Problem:
Lines in the entries below where the word "Remover" shows up should each be copied.

Short descriptive text snippets
[Start of section]
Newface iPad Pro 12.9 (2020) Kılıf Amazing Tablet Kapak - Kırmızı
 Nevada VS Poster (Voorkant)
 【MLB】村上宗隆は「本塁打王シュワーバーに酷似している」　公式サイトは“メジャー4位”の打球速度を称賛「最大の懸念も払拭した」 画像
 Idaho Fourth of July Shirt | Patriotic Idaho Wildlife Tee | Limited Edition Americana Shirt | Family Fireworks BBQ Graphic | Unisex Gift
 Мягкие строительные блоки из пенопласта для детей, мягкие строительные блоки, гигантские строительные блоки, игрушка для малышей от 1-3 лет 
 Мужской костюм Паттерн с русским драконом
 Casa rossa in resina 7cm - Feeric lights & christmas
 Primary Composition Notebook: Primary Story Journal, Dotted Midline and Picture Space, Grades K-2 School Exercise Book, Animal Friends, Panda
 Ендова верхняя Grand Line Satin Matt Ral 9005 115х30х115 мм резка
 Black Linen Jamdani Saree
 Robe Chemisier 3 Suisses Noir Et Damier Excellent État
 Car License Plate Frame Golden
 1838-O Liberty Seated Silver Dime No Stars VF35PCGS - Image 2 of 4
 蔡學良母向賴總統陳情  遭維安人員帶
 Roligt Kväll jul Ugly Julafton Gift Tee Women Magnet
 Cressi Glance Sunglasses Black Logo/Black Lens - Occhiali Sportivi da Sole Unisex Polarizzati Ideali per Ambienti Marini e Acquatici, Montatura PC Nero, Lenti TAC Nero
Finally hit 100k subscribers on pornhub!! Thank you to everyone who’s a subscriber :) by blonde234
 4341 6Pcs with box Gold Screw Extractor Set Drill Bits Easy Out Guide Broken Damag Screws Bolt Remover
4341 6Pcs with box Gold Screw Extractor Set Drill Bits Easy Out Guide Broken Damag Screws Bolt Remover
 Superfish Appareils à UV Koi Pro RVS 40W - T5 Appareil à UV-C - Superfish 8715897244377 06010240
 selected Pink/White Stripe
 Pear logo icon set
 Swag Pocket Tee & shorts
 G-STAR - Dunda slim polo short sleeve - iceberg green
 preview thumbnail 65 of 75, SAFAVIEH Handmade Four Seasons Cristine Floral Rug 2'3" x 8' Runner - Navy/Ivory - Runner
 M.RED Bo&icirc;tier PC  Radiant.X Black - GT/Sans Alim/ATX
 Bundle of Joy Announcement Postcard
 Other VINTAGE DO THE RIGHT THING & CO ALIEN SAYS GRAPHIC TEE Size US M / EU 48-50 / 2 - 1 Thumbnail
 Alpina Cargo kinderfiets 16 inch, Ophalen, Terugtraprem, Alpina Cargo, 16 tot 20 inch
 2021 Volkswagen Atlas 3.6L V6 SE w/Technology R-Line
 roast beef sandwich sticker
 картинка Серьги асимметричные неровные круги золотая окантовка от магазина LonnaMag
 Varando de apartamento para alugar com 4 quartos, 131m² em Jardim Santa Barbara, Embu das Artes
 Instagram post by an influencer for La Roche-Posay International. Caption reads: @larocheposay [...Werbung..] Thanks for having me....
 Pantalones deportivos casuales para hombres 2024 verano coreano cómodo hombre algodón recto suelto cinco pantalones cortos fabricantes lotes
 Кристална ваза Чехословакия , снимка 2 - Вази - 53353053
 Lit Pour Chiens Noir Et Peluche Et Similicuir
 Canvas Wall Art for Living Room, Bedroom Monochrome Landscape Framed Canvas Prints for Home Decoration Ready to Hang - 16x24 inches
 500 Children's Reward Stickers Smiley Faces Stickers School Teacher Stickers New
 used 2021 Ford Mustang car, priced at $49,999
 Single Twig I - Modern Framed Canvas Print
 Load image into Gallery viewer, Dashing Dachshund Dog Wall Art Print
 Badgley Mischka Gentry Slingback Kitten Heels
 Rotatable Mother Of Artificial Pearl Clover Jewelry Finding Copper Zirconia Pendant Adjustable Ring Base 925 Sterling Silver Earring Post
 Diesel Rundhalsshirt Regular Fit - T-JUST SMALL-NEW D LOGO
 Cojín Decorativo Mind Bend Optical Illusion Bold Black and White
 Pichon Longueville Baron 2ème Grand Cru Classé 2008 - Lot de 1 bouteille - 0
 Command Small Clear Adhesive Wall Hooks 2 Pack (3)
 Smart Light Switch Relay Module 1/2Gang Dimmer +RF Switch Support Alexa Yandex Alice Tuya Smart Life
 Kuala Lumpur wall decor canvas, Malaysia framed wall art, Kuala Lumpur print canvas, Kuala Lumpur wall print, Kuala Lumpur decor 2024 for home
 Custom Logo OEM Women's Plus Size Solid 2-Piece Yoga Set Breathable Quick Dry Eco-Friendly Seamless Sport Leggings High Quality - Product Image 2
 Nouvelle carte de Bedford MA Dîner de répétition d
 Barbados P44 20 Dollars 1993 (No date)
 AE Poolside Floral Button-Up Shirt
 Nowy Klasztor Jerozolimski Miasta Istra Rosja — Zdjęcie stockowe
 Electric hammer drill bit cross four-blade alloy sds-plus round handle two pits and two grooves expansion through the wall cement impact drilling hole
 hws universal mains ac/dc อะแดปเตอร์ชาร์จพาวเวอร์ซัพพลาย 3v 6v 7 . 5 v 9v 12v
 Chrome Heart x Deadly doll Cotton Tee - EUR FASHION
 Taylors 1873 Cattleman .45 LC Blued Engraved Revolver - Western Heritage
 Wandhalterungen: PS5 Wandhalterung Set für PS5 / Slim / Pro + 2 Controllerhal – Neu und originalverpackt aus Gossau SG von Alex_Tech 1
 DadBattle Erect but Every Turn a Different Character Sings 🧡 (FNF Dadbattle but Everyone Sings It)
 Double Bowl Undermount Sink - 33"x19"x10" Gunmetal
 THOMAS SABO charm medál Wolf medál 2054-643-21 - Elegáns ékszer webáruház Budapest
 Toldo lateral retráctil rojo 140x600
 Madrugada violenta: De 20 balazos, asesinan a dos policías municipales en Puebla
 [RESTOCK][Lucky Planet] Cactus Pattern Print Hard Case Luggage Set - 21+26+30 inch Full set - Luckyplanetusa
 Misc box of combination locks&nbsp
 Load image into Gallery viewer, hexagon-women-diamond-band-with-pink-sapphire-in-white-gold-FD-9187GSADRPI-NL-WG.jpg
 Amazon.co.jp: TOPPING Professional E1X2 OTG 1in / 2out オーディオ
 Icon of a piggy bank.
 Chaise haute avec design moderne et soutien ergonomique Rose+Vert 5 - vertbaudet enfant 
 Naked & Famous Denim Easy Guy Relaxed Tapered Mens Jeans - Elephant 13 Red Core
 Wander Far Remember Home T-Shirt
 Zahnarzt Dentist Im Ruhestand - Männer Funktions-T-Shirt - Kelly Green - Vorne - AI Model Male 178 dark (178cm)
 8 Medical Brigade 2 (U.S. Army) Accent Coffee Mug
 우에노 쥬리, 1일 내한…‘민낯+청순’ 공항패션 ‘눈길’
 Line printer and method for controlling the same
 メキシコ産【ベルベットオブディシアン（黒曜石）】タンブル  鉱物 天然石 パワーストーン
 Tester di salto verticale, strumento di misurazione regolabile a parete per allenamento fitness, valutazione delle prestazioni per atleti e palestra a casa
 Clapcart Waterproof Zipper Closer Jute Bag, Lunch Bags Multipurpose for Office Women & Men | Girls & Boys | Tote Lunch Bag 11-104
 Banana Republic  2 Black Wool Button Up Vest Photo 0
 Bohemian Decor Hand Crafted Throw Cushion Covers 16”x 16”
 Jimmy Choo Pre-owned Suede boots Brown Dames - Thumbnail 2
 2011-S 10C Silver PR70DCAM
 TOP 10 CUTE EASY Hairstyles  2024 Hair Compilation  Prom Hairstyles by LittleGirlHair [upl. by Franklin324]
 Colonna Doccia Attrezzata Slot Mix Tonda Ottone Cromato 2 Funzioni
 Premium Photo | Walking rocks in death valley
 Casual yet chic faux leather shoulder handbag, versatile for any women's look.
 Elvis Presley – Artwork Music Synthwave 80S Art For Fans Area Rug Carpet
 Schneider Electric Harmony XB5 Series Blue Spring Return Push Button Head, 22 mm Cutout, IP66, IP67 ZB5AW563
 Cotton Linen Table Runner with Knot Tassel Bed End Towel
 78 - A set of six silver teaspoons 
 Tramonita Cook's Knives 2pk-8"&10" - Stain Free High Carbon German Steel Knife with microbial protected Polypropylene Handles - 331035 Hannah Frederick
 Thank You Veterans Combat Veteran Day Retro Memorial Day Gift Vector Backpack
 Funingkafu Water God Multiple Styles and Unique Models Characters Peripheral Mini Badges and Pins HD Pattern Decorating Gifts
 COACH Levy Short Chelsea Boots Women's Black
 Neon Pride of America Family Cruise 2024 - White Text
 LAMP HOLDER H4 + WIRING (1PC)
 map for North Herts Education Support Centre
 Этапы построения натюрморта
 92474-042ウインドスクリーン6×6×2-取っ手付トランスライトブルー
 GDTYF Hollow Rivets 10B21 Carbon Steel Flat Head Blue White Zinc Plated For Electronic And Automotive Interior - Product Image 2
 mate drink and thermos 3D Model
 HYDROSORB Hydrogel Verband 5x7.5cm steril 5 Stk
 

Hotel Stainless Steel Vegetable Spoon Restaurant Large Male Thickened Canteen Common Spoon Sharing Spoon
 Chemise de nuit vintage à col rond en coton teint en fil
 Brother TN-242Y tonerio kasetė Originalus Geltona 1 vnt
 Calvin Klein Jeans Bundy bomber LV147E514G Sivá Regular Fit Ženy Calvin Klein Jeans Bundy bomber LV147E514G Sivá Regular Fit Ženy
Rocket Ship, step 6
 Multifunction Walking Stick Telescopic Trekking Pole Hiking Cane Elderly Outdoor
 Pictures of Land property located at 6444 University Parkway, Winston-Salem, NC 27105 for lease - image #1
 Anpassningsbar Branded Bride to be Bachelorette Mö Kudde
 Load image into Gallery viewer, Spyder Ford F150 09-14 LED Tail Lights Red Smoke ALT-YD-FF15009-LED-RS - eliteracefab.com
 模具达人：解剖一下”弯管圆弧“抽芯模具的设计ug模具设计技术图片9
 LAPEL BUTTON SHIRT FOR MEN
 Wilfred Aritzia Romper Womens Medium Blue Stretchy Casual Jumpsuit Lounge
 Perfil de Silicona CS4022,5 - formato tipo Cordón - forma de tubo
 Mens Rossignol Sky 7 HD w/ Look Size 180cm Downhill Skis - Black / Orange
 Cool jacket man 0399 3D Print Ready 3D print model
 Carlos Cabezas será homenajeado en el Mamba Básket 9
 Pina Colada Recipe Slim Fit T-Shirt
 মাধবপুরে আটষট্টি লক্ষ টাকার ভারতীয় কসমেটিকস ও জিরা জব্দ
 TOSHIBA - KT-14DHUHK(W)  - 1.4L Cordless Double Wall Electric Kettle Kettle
[End of section]
Solution for this exercise:
 4341 6Pcs with box Gold Screw Extractor Set Drill Bits Easy Out Guide Broken Damag Screws Bolt Remover
4341 6Pcs with box Gold Screw Extractor Set Drill Bits Easy Out Guide Broken Damag Screws Bolt Remover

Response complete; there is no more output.